Aaron Paul in Westworld season 3. Photograph by John P. Johnson/HBOPhotograph
Aaron Paul in Westworld season 3. Photograph by John P. Johnson/HBOPhotograph /

The penultimate episode of Westworld season 3 is this outing’s best yet, featuring a long-awaited face-off, a shocking return, and the truth about Dolores’ plan.

With just two episodes to go in Westworld season 3, the pressure is on for the show to wrap up its many outstanding stories in a satisfactory way. (Though, with the recent news that the show will be back for a fourth season, there’s less need for it to put a bow firmly around all of them. Which, let’s admit, is a relief.)

To be clear: “Passed Pawn” is a great episode. Exciting and messy, it has just enough answers to spark more questions and moves at a relentless pace. Two fan favorite characters officially return,  the truth of Dolores’ plan is finally revealed, and we learn Caleb’s real backstory. Or, at least, some part of it.

We probably all should have known from the very beginning that there’s no way Dolores’ “meet-cute” run in with Caleb back in the season 3 premiere was any kind of coincidence. Caleb, as it turns out, isn’t just a sad sack construction worker with no future, he’s one of Serac’s Outliers, a disruptive force in the fabric of Rehoboam’s predictions that’s had his mind and memory altered by the same AR therapy we saw William begin to undergo last week.

Caleb may be an Army veteran, but he’s also a criminal and a murderer – he’s the one who shot his BFF Francis over a RICO app deal gone bad, he didn’t die in the field the way he’s spent all season flashing back to. Most of those flashbacks, it turns out aren’t real, and are memories that have been burned into Caleb’s head via therapy.

And he’s the linchpin around which Dolores’ entire plan turns.

As Bernard puts it, Dolores has a poetic nature, and wouldn’t want to bring about the doom of humanity on her own. (Or, perhaps, she couldn’t? That’s not entirely clear, but it feels like a very Westworld sort of rule.) Instead, this entire season appears to have been about making Caleb into her weapon – with a little help from an apparently insane AI system, and the cold hard truth.

Dolores and Caleb head to desert, where they find Solomon, the all-knowing AI that preceded Rehoboam, our current all-knowing AI. The question about whether these computers achieve any sort of sentience remains officially unanswered, but it seems as if Serac could have thoroughly turned off and terminated Solomon, he would have. Instead, it exists in literal chains, ruling over a Matrix-style hive of boxes, in which undesirable Outliers who can’t reconditioned to fit the new world order are stored.

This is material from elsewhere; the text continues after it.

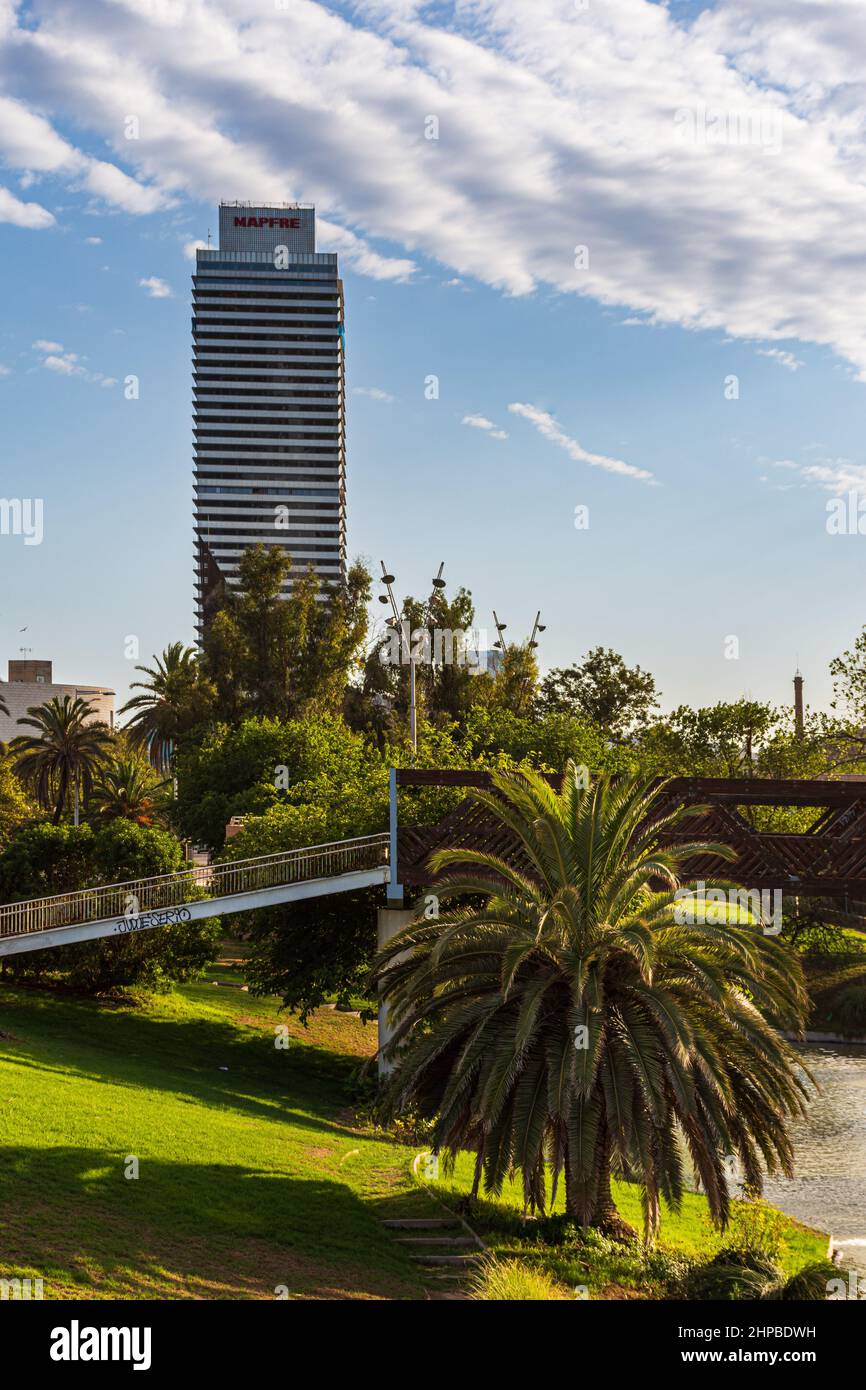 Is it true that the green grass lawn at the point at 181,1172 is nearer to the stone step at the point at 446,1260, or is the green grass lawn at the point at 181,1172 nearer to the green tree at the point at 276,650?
the stone step at the point at 446,1260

Is this Dolores’ new army? Has she led Caleb to Solomon not just to get a new “strategy” for revolution, but to free those like him?

We don’t know. But it certainly seems very possible.

Elsewhere, Maeve tracks Dolores down to Solomon’s prison, with the help of a newly reanimated Clementine (guess she survived that whole “I am become death” thing in season 2) and Hanaryo, the Armistice-like host from Shogunworld. Though the two women only appear in one scene at the start of the episode one has to assume that they’ll return for the finale in some capacity.

The inevitable fight between Maeve and Dolores felt worth the wait – brutally choreographed, violent (Dolores gets an arm cut off), full of warring drones and tech artillery, and deeply personal for both women. Maeve, still grieving over Hector’s death, insists that she’s nothing like Dolores.  Dolores insists that they should band together against someone like Serac who has killed and destroyed so many of their people already. The clash is ended when Dolores launches an EMP that takes out both hosts, as well as Solomon.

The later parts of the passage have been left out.